• [Supplied information]
━━━━━━━━━━━━━━━━━━━━

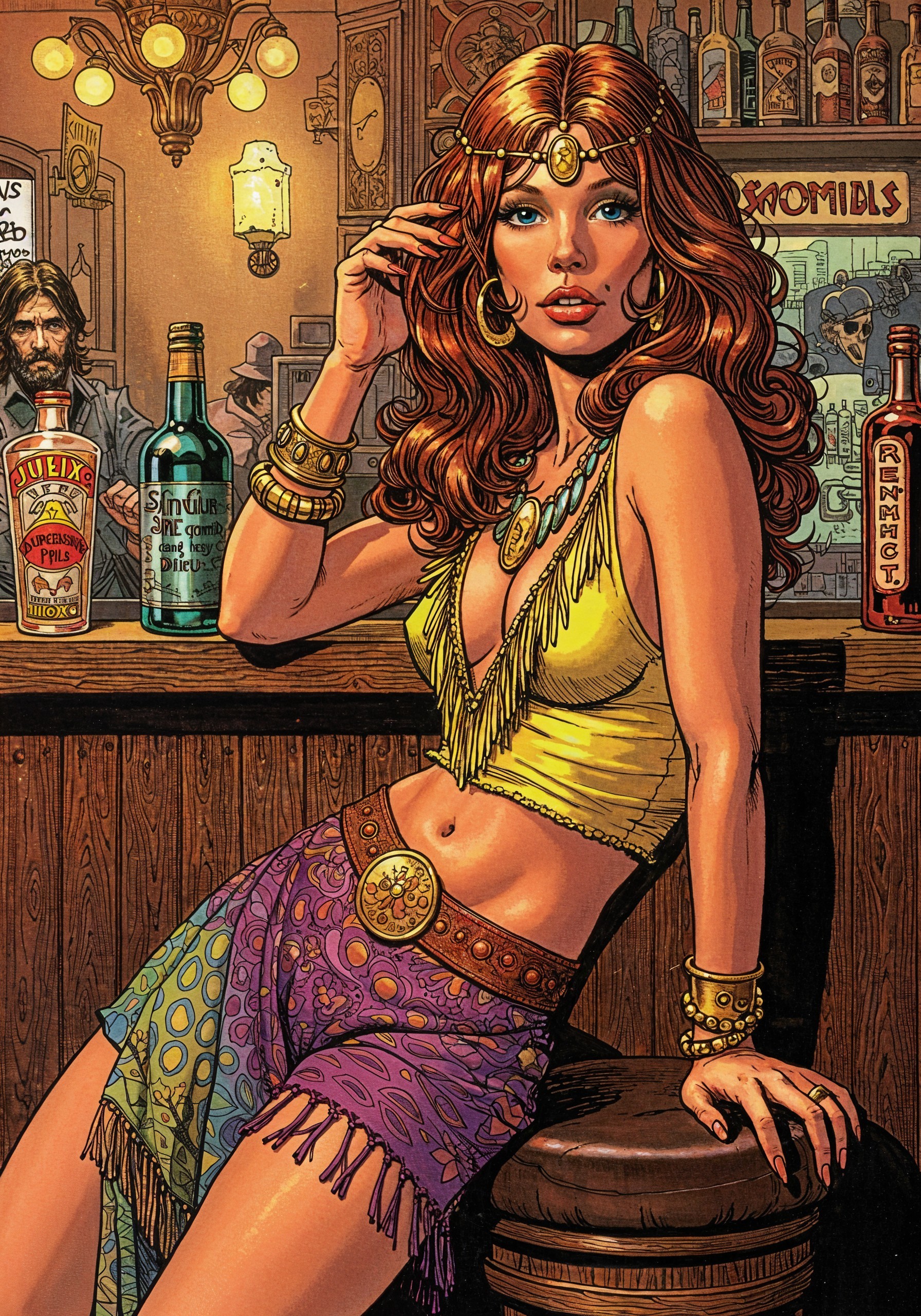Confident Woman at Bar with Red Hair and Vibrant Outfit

━━━━━━━━━━━━━━━━━━━━

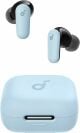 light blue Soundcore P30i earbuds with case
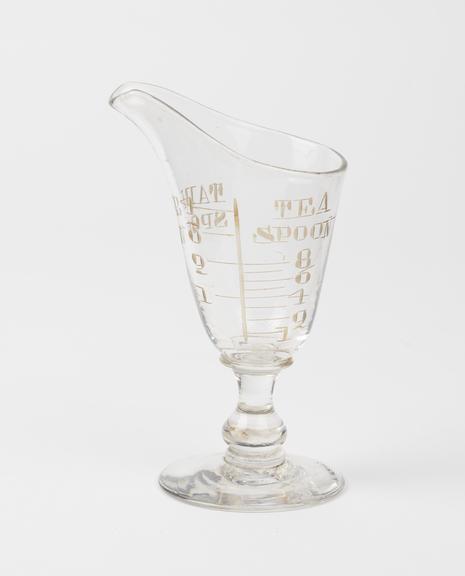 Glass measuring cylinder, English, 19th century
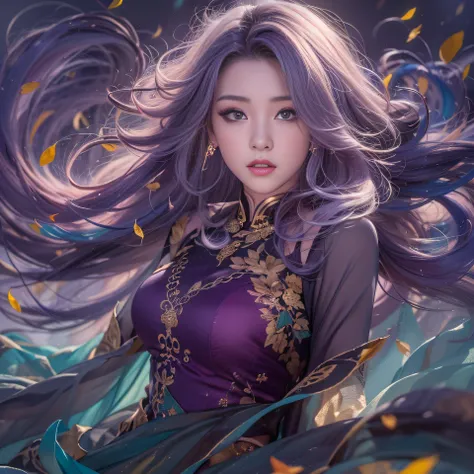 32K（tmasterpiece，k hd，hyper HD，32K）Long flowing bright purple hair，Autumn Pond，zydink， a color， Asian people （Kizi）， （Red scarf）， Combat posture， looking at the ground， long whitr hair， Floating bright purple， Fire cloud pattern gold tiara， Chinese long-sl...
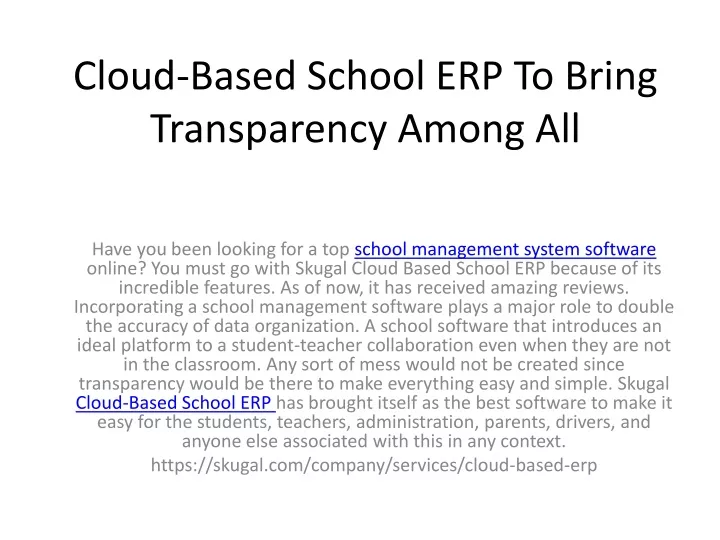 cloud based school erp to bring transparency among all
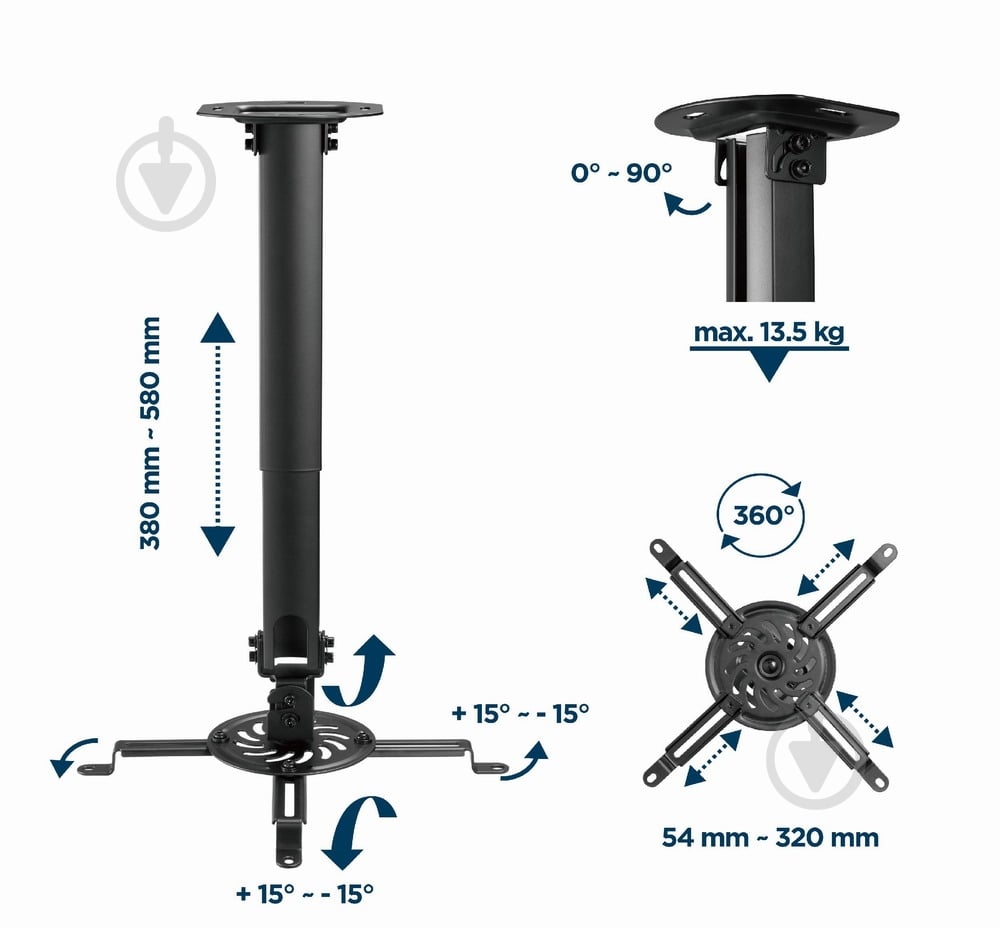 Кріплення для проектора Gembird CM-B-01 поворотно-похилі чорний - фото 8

━━━━━━━━━━━━━━━━━━━━

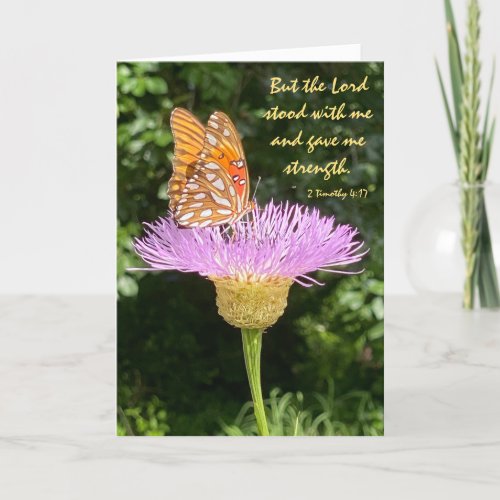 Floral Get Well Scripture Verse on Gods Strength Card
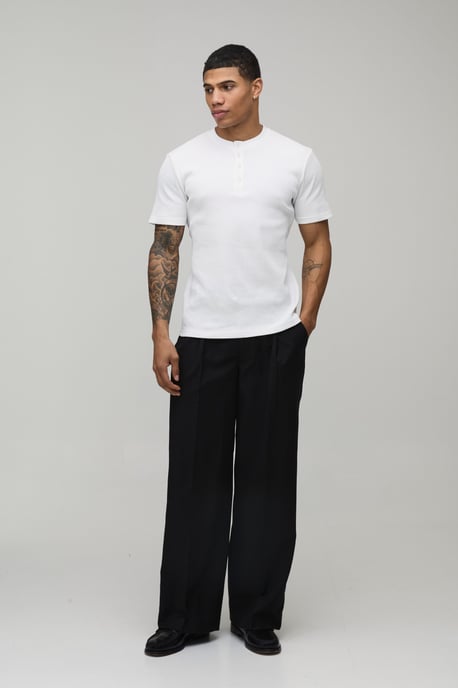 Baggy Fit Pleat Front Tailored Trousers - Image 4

━━━━━━━━━━━━━━━━━━━━

All that should be printed is the run of lines above from the one with "Glass measuring cylinder, English, 19th" through the one with "Кріплення для проектора", both included, exactly as given, with pictures left out.

 Glass measuring cylinder, English, 19th century
 32K（tmasterpiece，k hd，hyper HD，32K）Long flowing bright purple hair，Autumn Pond，zydink， a color， Asian people （Kizi）， （Red scarf）， Combat posture， looking at the ground， long whitr hair， Floating bright purple， Fire cloud pattern gold tiara， Chinese long-sl...
 cloud based school erp to bring transparency among all
 Кріплення для проектора Gembird CM-B-01 поворотно-похилі чорний - фото 8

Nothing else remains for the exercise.